BRIEF:
Where the line containing "Burkhart Meaning In Gujarati" appears, begin retyping; continue exactly through the final line of the data. Omit every picture.

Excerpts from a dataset
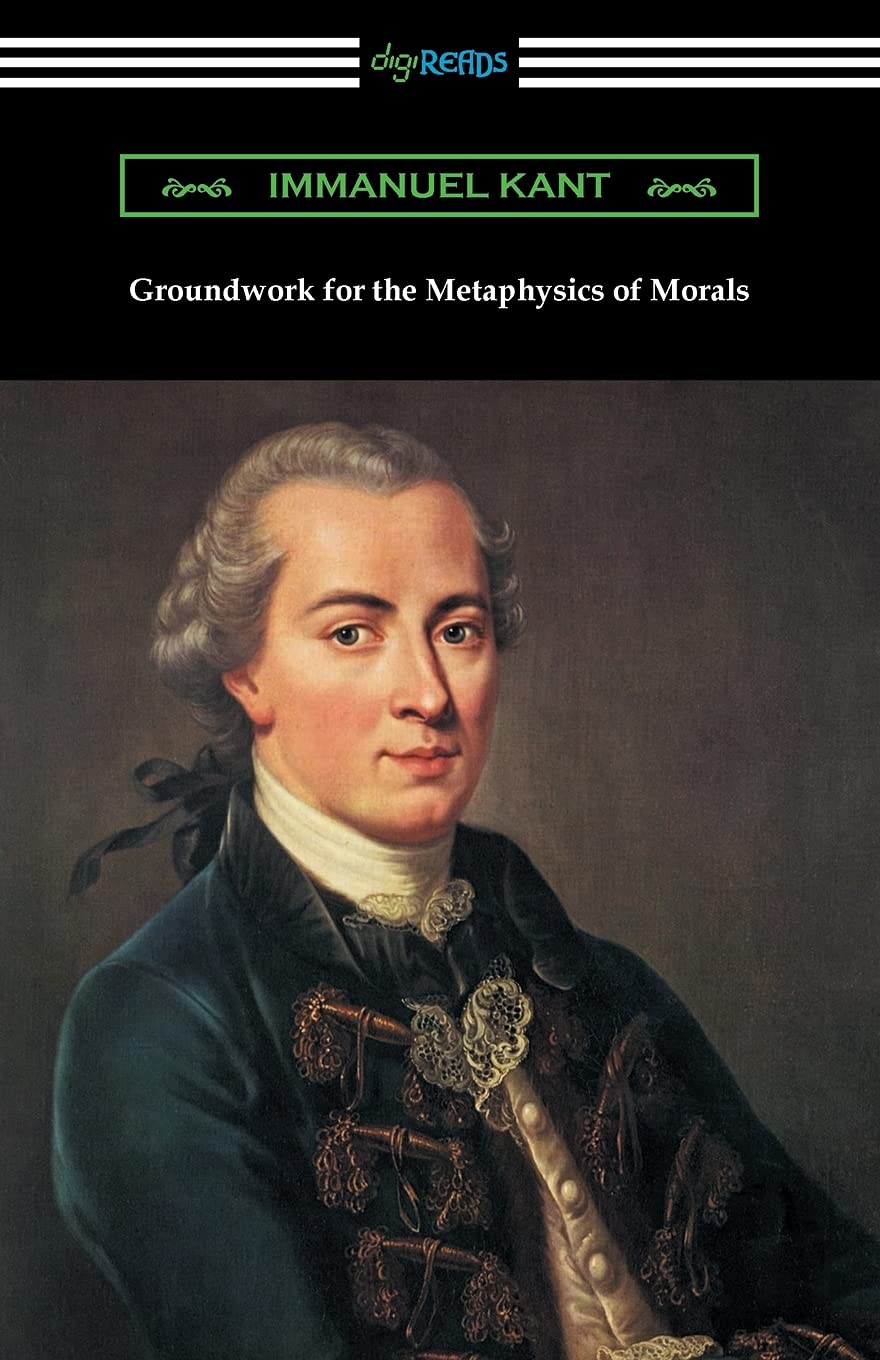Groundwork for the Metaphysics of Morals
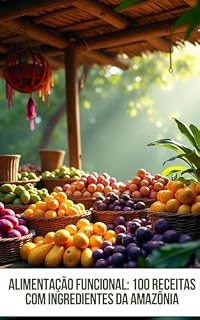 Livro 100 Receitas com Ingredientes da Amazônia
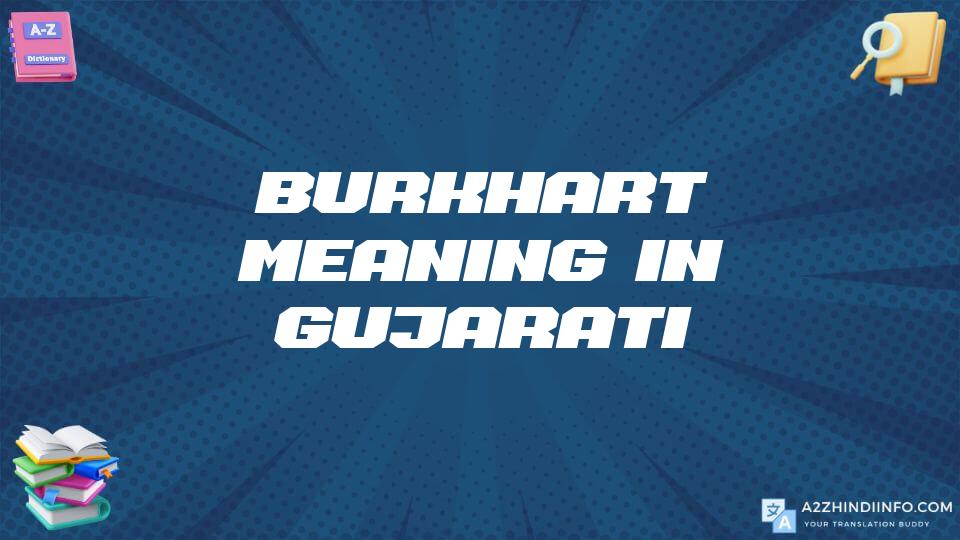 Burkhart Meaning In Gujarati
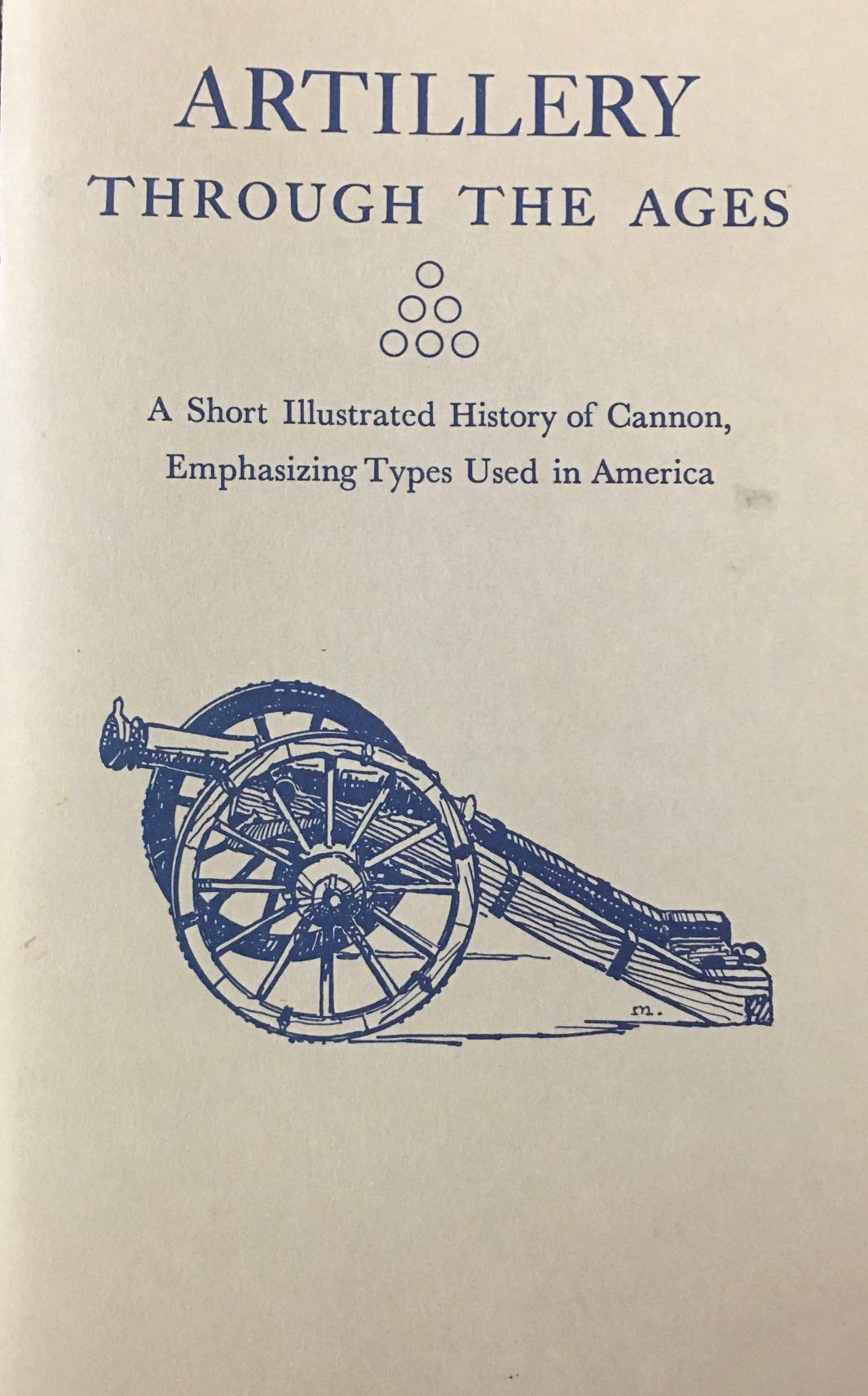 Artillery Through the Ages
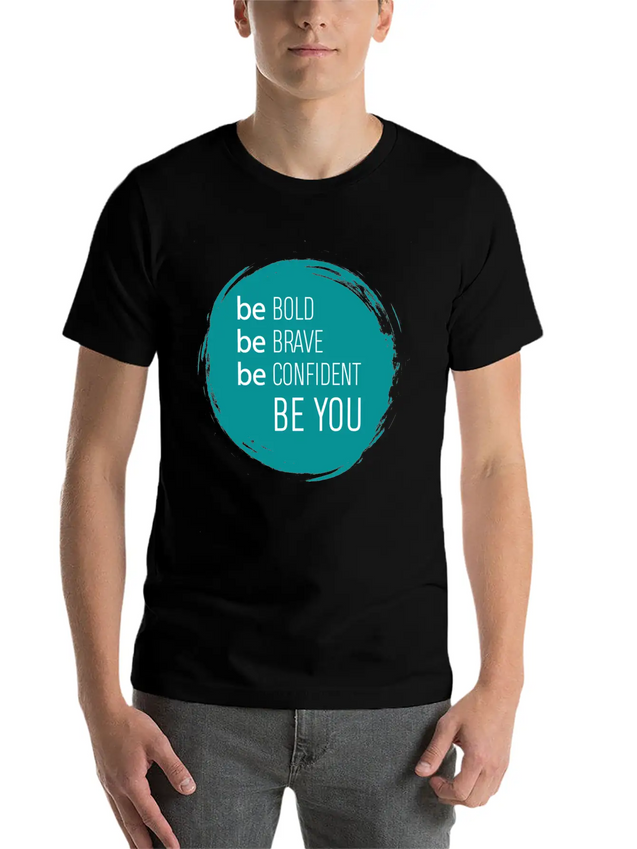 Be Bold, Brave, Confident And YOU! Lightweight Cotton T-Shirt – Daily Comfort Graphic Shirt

TASK RESPONSE:
 Burkhart Meaning In Gujarati
 Artillery Through the Ages
 Be Bold, Brave, Confident And YOU! Lightweight Cotton T-Shirt – Daily Comfort Graphic Shirt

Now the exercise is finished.